Abstract

The design of an offshore wind turbine founded on a monopile foundation is principally based on a dimensioning criteria related to its fundamental frequencies. These frequencies must remain outside the excitation frequencies to avoid resonance.

For the design standards for offshore wind turbines, soil structure interaction is taken into account as described in IEC 61400-3, Design Requirements for Offshore Wind Turbines. The general method in the IEC standards relies on the API (American Petroleum Institute) design approach. In the API approach, the soil py curves are developed for slender flexible piles, which are widely used for offshore oil and gas platforms. However, the monopiles supporting offshore wind turbines are typically rigid with large diameters (3.5m – 8m) and length (30m – 60m). Therefore, the API approach developed for slender piles may not be applicable for the monopiles.

In this paper, a full 3D model for the DTU-10MW wind turbine is developed using the commercially available finite element code ABAQUS/Standard. The main objective is to perform a rigorous modal analysis of the wind turbine considering the entire soil-foundation-structure system, thus avoiding the use of the unsuitable p-y curves available in literature (API approach).

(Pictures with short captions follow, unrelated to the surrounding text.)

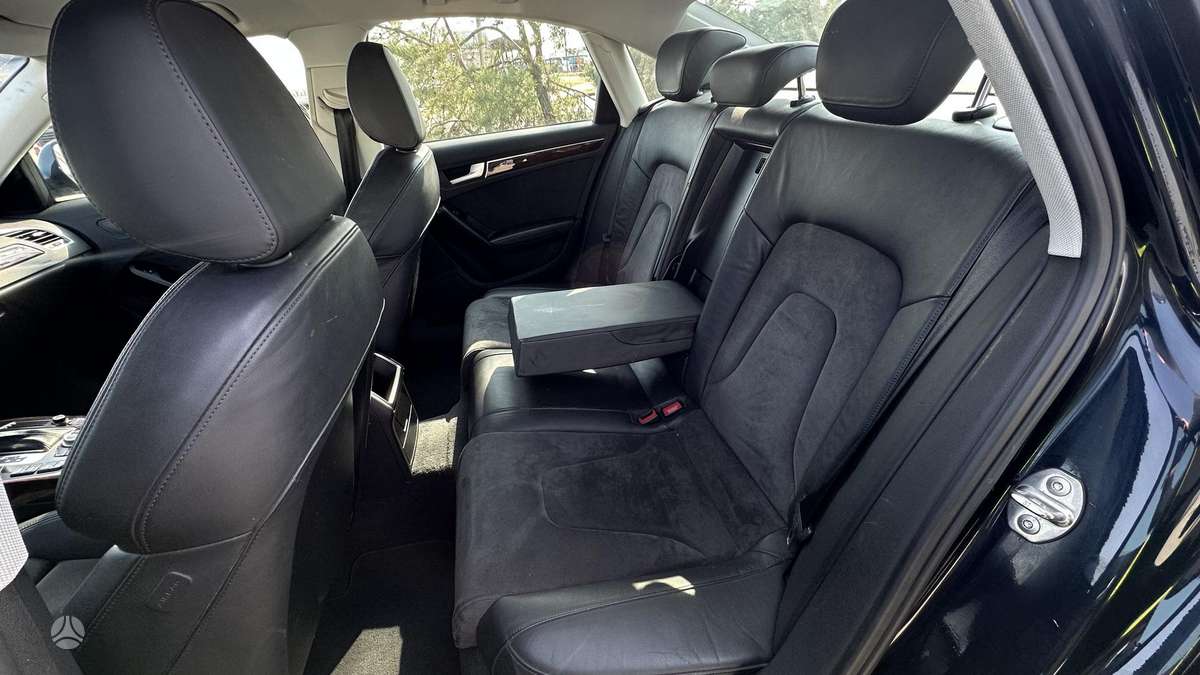 Audi A4, 2.7 l., Седан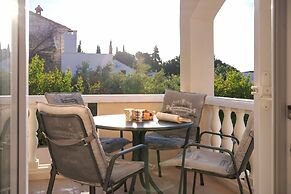 Beachfront Villa near Zlatni rat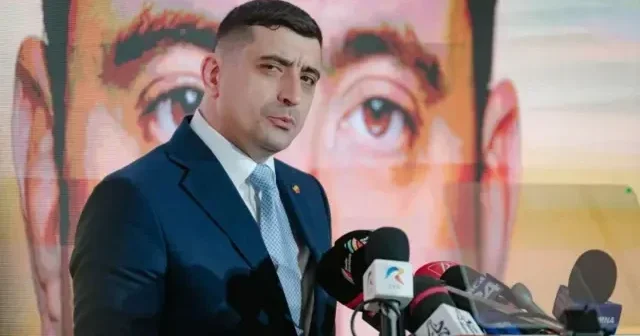 Оппозиционный политик в Румынии призвал к протестам, но сам решил не участвовать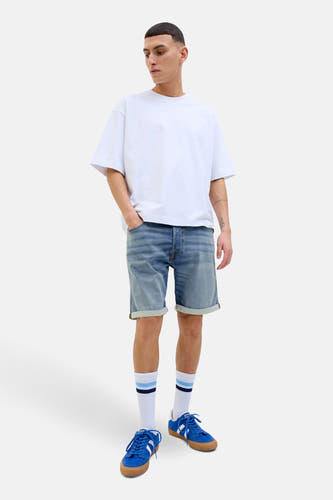 Shorts de jeans JACK & JONES JEANS INTELLIGENCE en denim bleu moyen, associés à un t-shirt blanc et des baskets bleues.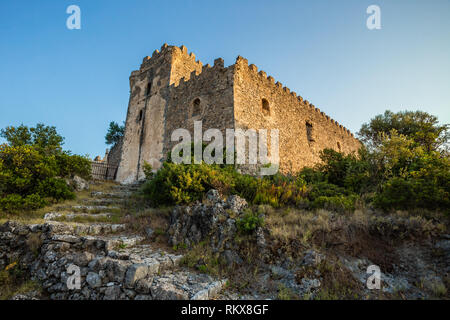 Cantiere Kapetanakis - la fortezza medievale in Messenia vicino a Kalamata Foto Stock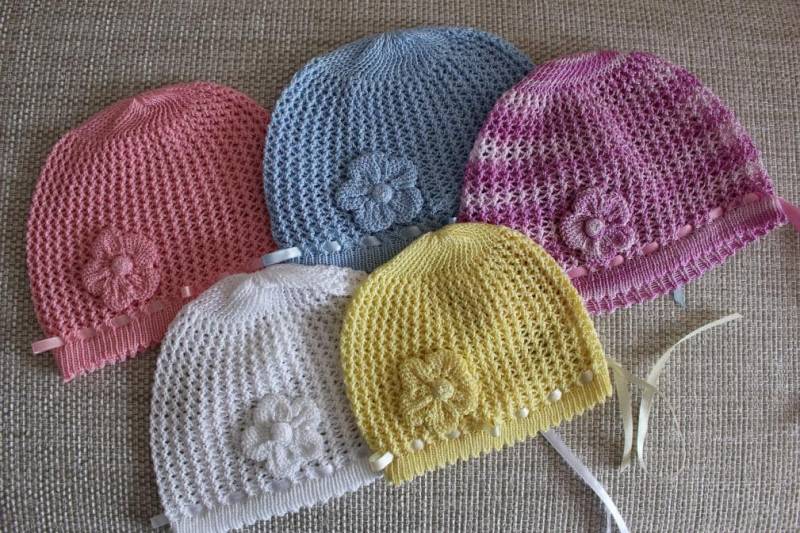 Baumwolle Strick Baby Sonnenhut Mit Häkelblume Baumwolle Strick Baby Sonnenhut Mit Häkelblume von LaraKnitStudio
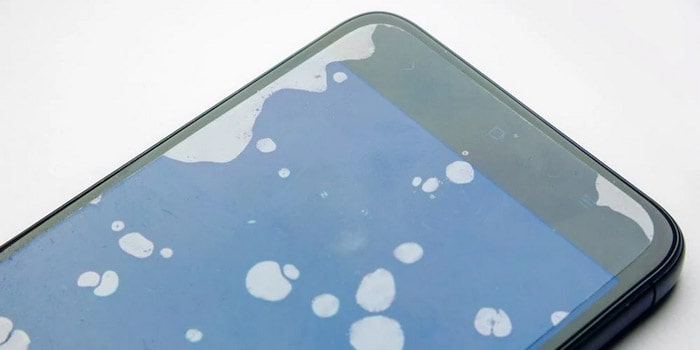 از بین بردن حباب زیر گلس گوشی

The tower was discretized using shell elements. Each blade was modeled as a beam with specific stiffness properties for each section and a hinge connection was employed to simulate the rotation of the blades with respect to the rotor. Finally, the soil was modeled as a three-dimensional solid continuum and the soil-monopile interface was simulated using small sliding surface-to-surface master/slave contact pair formulation.

Numerical results showing the effect of the monopile geometrical parameters and the soil spatial variability on the wind turbine natural frequencies are presented and discussed.